*INSTRUCTIONS TO FOLLOW*
Starting with the line that has "Foto in lijst: Grietje Bouma" and finishing with the line that has "Хотел Хисаря Haskovo Eksteriør billede", set down each line below exactly. Pictures are not copied.

*DATA LISTING*
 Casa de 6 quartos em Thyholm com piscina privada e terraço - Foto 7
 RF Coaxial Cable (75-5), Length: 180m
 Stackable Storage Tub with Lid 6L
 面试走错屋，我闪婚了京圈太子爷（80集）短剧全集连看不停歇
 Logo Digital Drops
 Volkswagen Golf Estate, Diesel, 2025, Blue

==

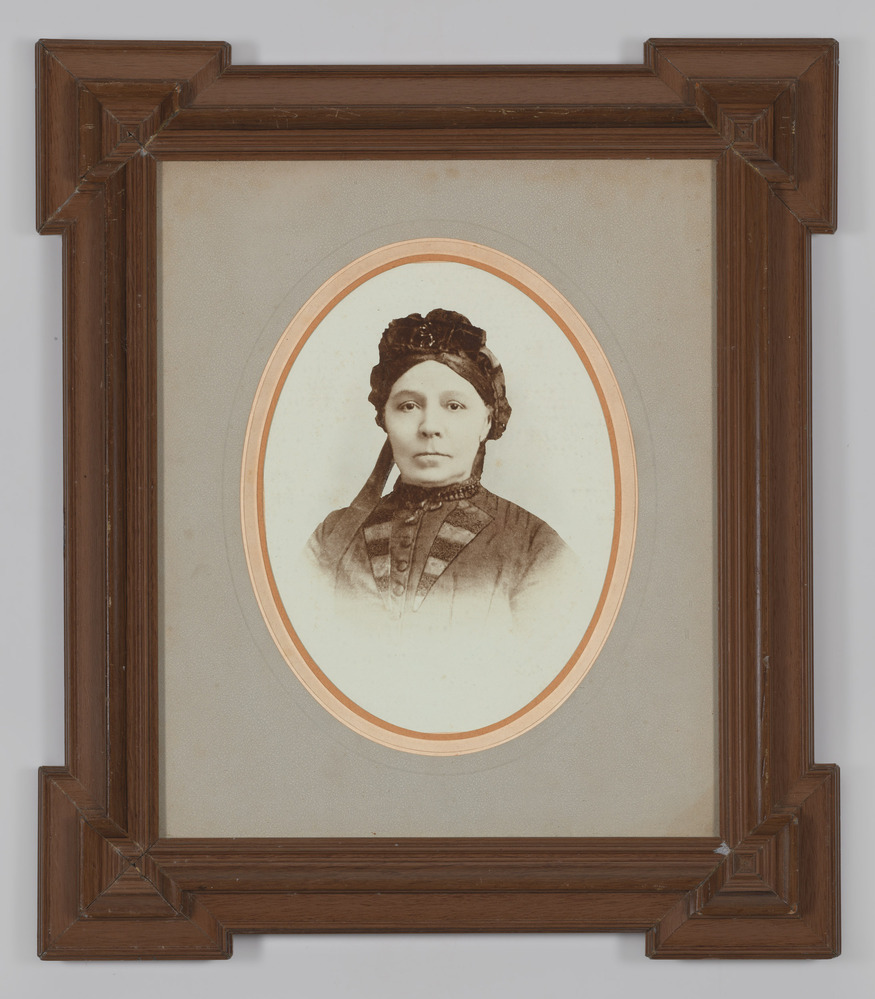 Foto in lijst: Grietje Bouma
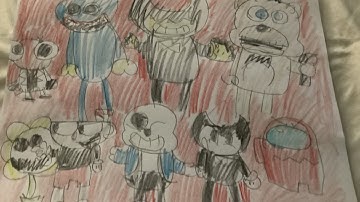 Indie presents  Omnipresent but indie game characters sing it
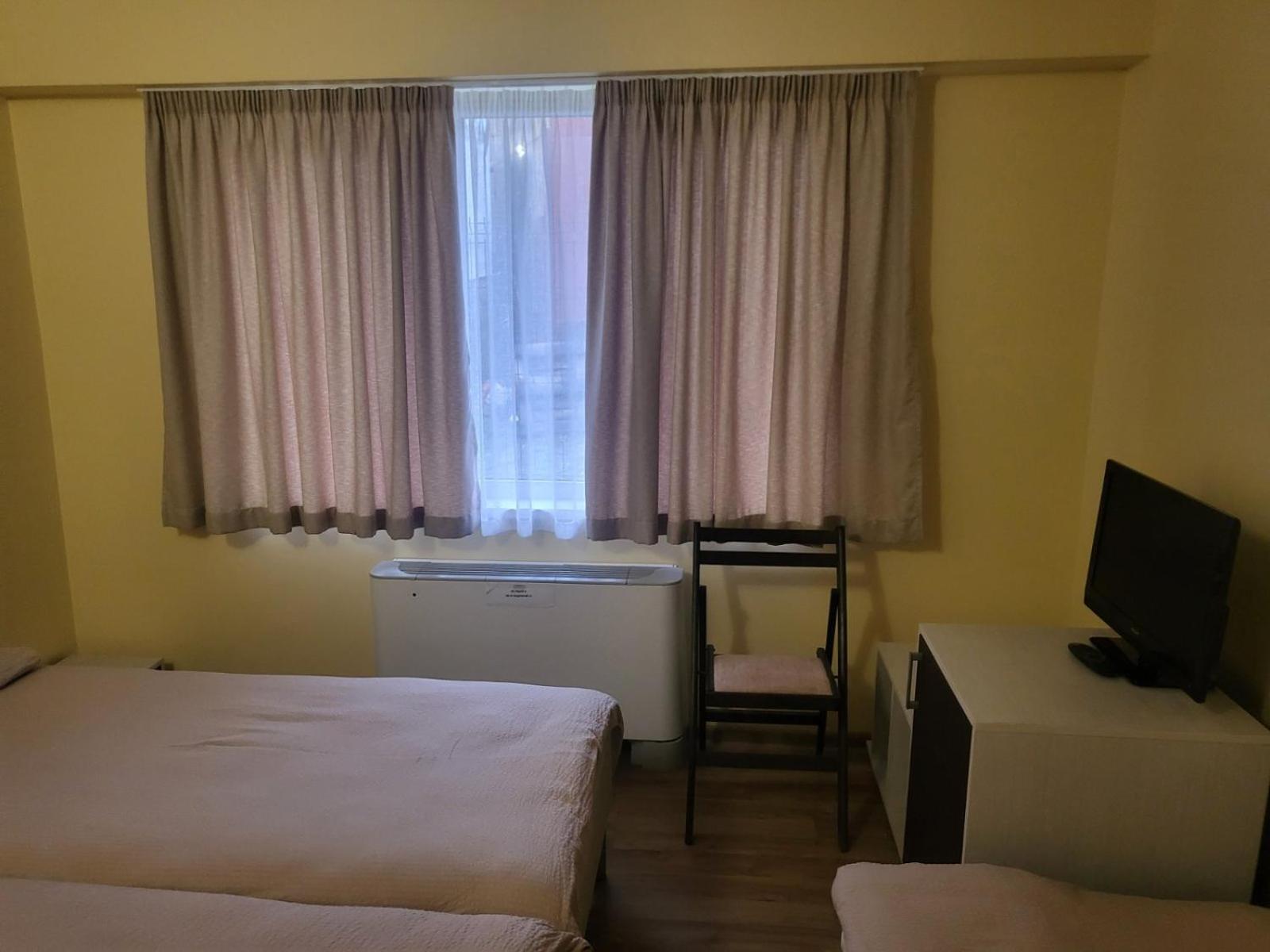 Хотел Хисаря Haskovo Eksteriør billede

* * *

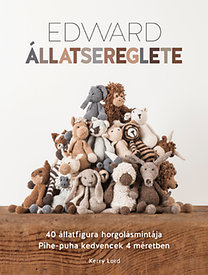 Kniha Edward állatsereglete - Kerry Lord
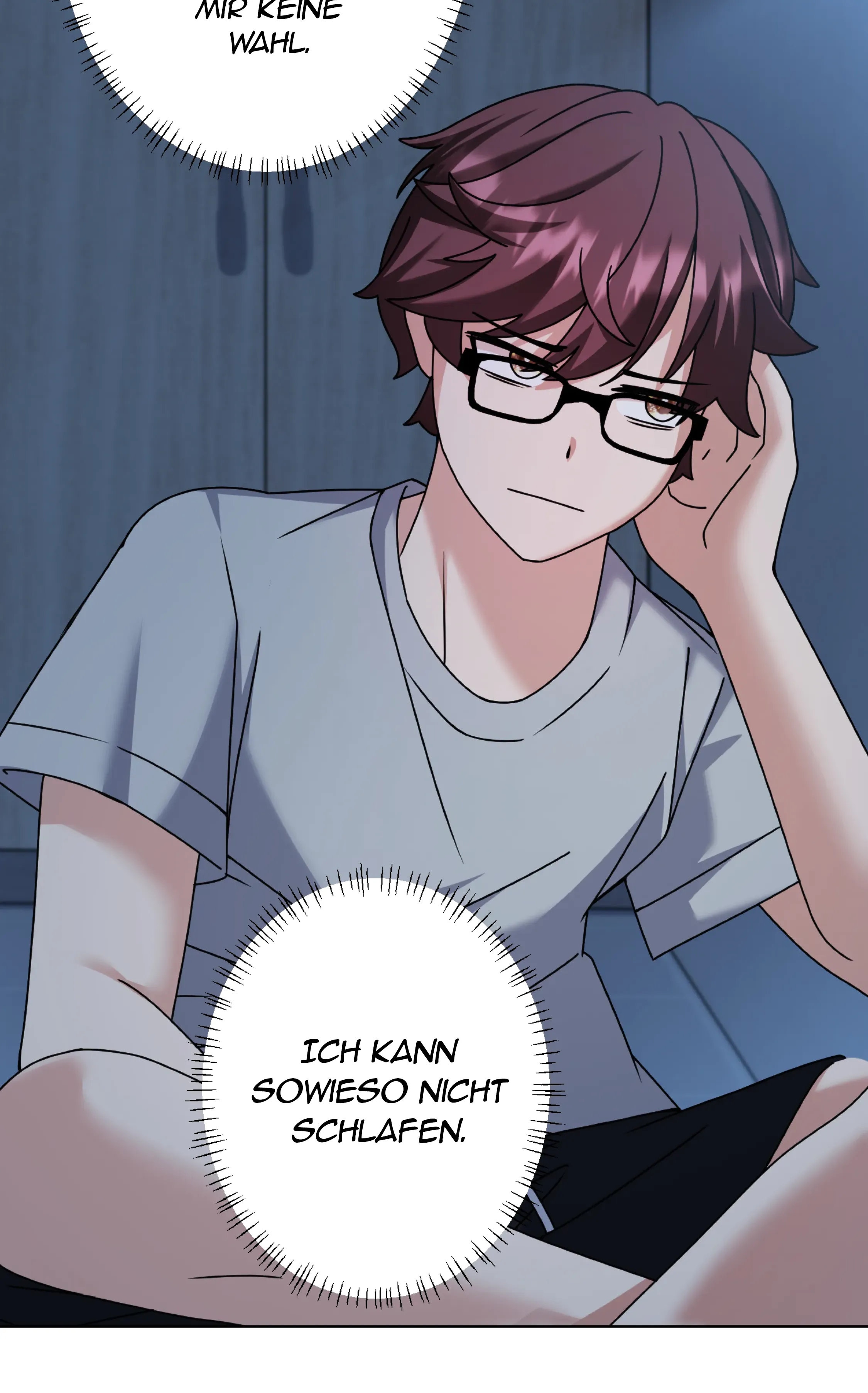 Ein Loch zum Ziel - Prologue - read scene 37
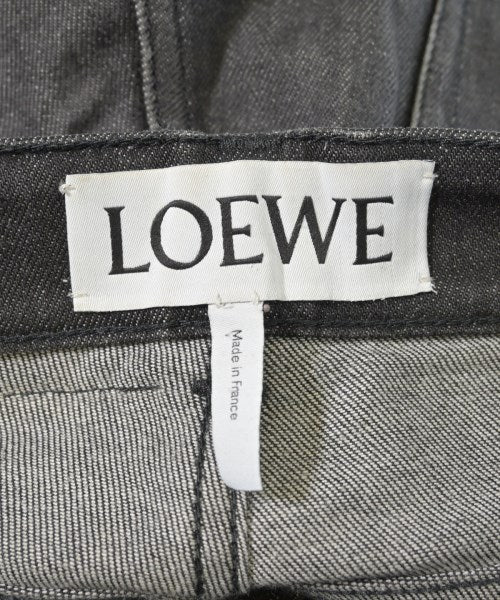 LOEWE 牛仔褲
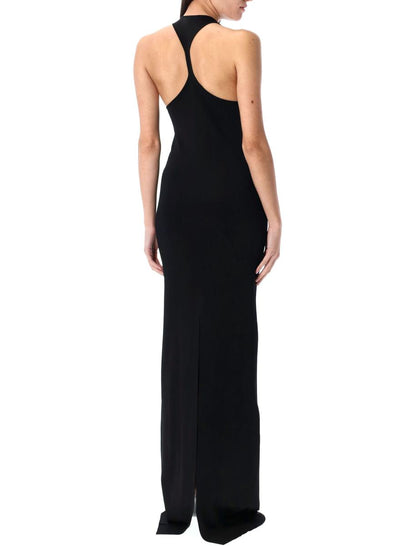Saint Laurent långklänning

*RESULT*
 Foto in lijst: Grietje Bouma
 Indie presents  Omnipresent but indie game characters sing it
 Хотел Хисаря Haskovo Eksteriør billede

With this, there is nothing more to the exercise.